In the three states with Governor-imposed death-penalty moratoriums, candidates who said they would continue execution bans or work to eliminate the state’s death penalty won easily. Tom Wolf, the Democratic governor of Pennsylvania who imposed the state’s moratorium on executions in 2015, was re-elected by with 57.6% of the vote. His challenger, Scott Wagner, who had promised to resume executions and had advocated a mandatory death penalty for school shootings, trailed badly with 40.8% of the vote. Oregon’s incumbent Democratic governor Kate Brown, who continued the state’s death-penalty moratorium instituted in 2011 by then-governor John Kitzhaber, won re-election in a six candidate field with 49.4% of the vote, five percentage points higher than her Republican challenger Knute Buehler. In Colorado, Democratic congressman Jared Polis, who campaigned on the repeal of the state’s death penalty, won the governorship with 51.6% of the vote, outpacing Republican state treasurer Walker Stapleton, who received 44.7% of the vote.

Democrats also took control of both houses of the Colorado legislature, increasing the likelihood that legislation to abolish the death penalty will be considered in the upcoming legislative session.

Illinois Republican Governor Bruce Rauner suffered an overwhelming election defeat at the hands of venture-capitalist J.B. Pritzker. Trailing badly in the polls, Rauner tried in May 2018 to condition passage of gun control legislation on reinstatement of the state’s death penalty. Pritzker outpolled Rauner by 54.0% to 39.3%.
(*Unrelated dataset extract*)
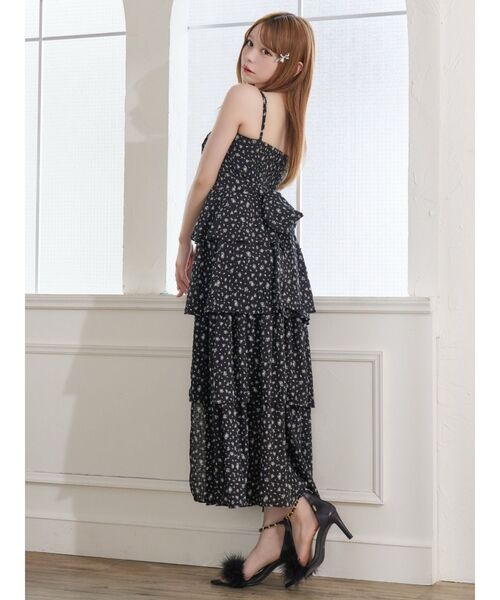 EATME（イートミー）の「BACKリボンティアードロングワンピース（ワンピース・レディース・ピンク/オフホワイト/ブラック・SMALL/MEDIUM）」の18枚目の写真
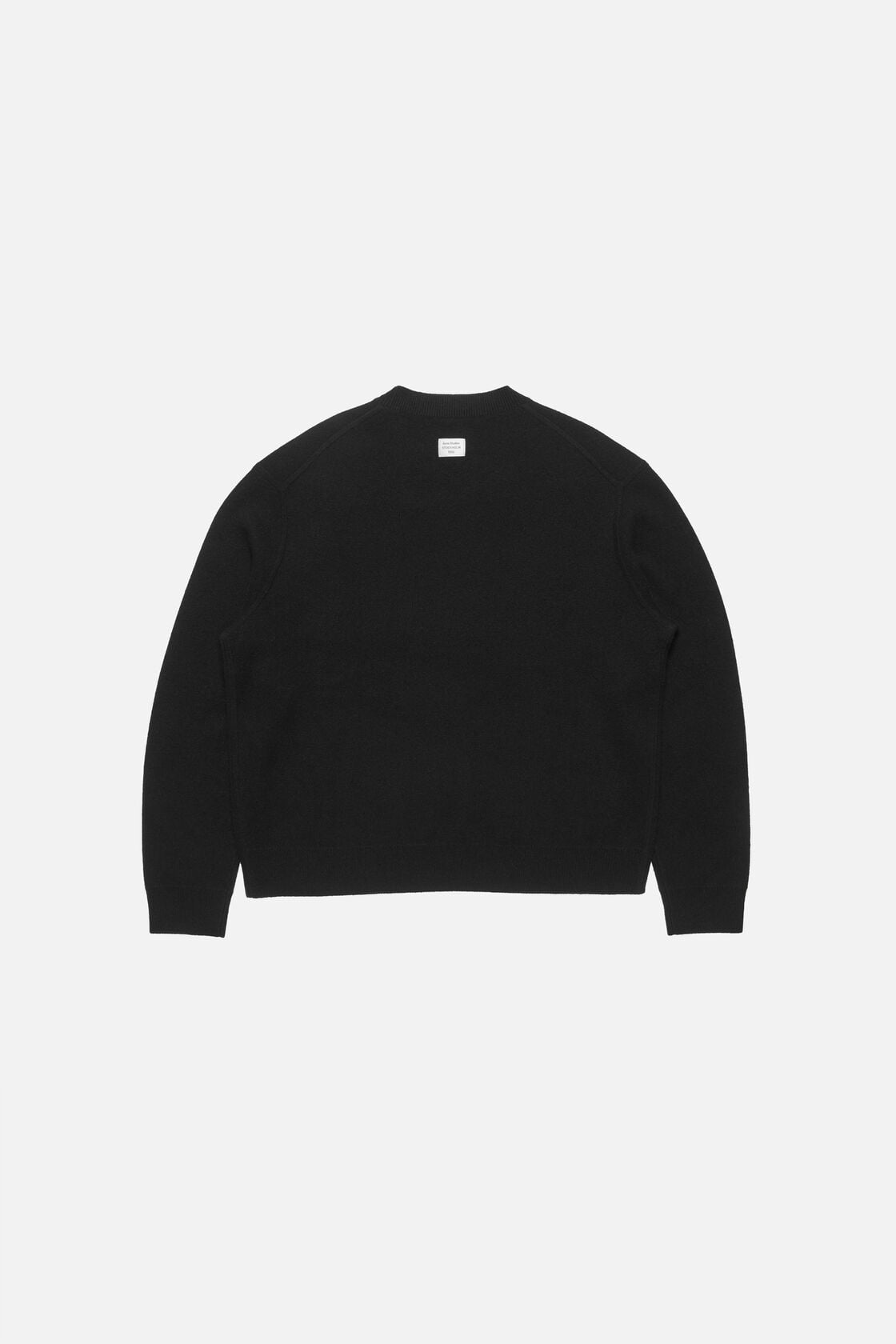 Acne Studios Cashmere sweater with logo - Black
On the other hand, two governors who prevented death-penalty repeal bills from going into effect in their states also won re-election. Nebraska’s Republican Governor Pete Ricketts, who vetoed a bipartisan bill to abolish the state’s death penalty in 2015 and then, after the legislature overrode his veto, personally bankrolled a successful state-wide referendum in 2016 to block the repeal, cruised to re-election with 59.4% of the vote. New Hampshire Republican Governor Chris Sununu, who vetoed the state’s death-penalty repeal bill in March 2018, won re-election with 52.4% of the vote.

In Florida, Republican Ron DeSantis won the governorship against Democratic candidate Andrew Gillum, who had pledged, if elected, to suspend executions in Florida until he was sure the death-penalty system was nondiscriminatorily applied.
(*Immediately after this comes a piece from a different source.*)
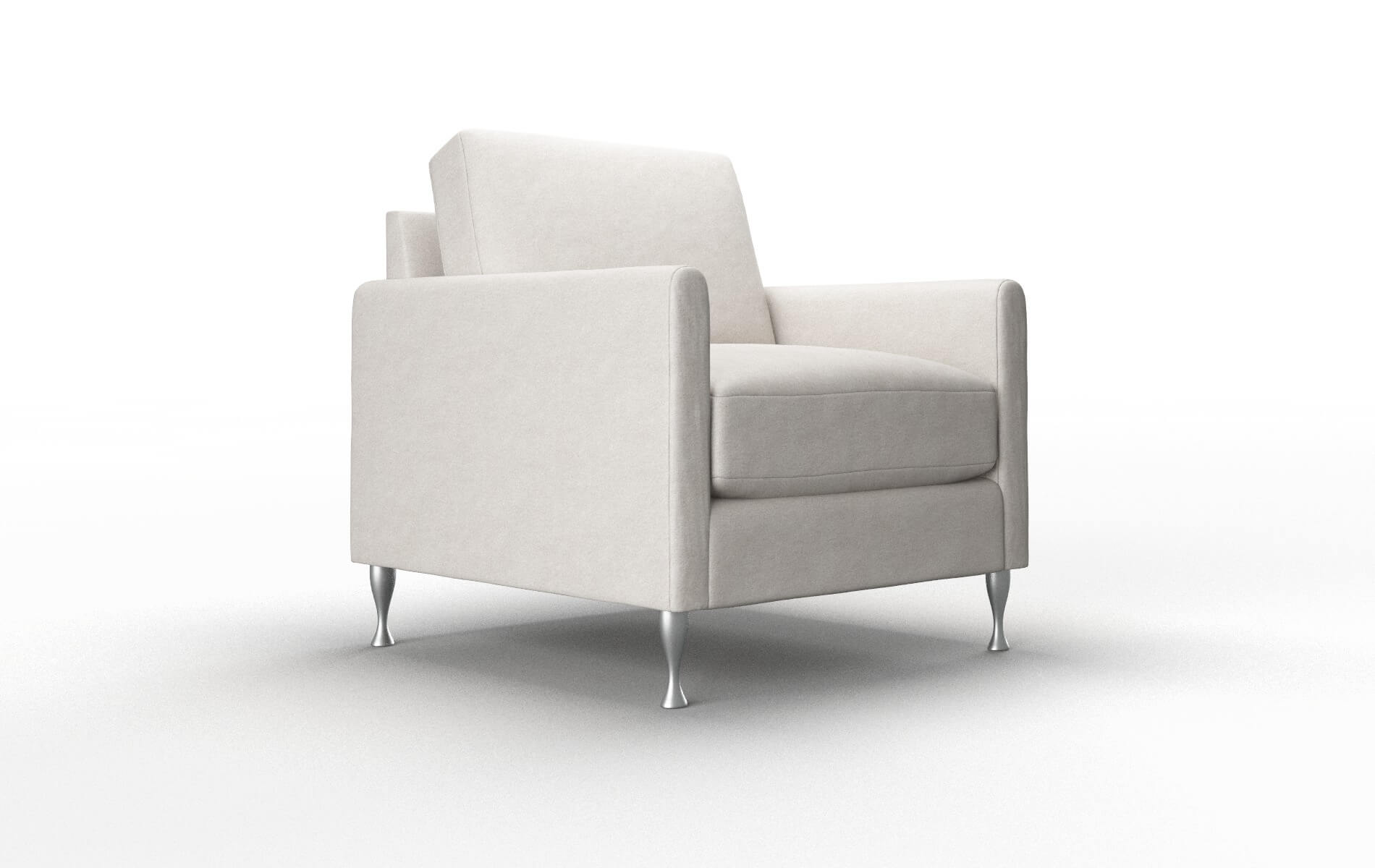 Eureka Suave Dove Chair metal legs 2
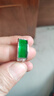 KZD老凤凰999和田玉男款戒指纯银镶碧玉指环玉石戒指玉戒指马年礼物 和田玉真银活口戒指 实拍图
Local voters in Orange County, California replaced District Attorney Tony Rackauckas with a political rival, county supervisor Todd Spitzer. Rackauckas has been embroiled in a scandal involving the secret use of prison informants to obtain or manufacture confessions from suspects and then stonewalling investigation of the multi-decade illegal practice. As of January 2013, Orange County had the seventh largest death row of any county in the U.S., and since then, it has imposed the fourth most death sentences of any county.

Voters in Florida and Louisiana also voted on criminal justice reforms that eradicated practices adopted in the Jim Crow era. Florida voters approved a referendum that ended Florida’s lifetime termination of voting rights for anyone with a prior felony conviction, which passed with 64% of the vote. Louisiana, with the country’s second-highest incarceration rate, abolished a post-slavery law that permitted felony convictions for crimes other than capital murder based on non-unanimous 10-2 or 11-1 jury votes. The vote leaves Oregon as the only state that permits convictions by non-unanimous jury votes, and Alabama as the only state to permit judges to impose the death penalty based upon a non-unanimous jury recommendation for death.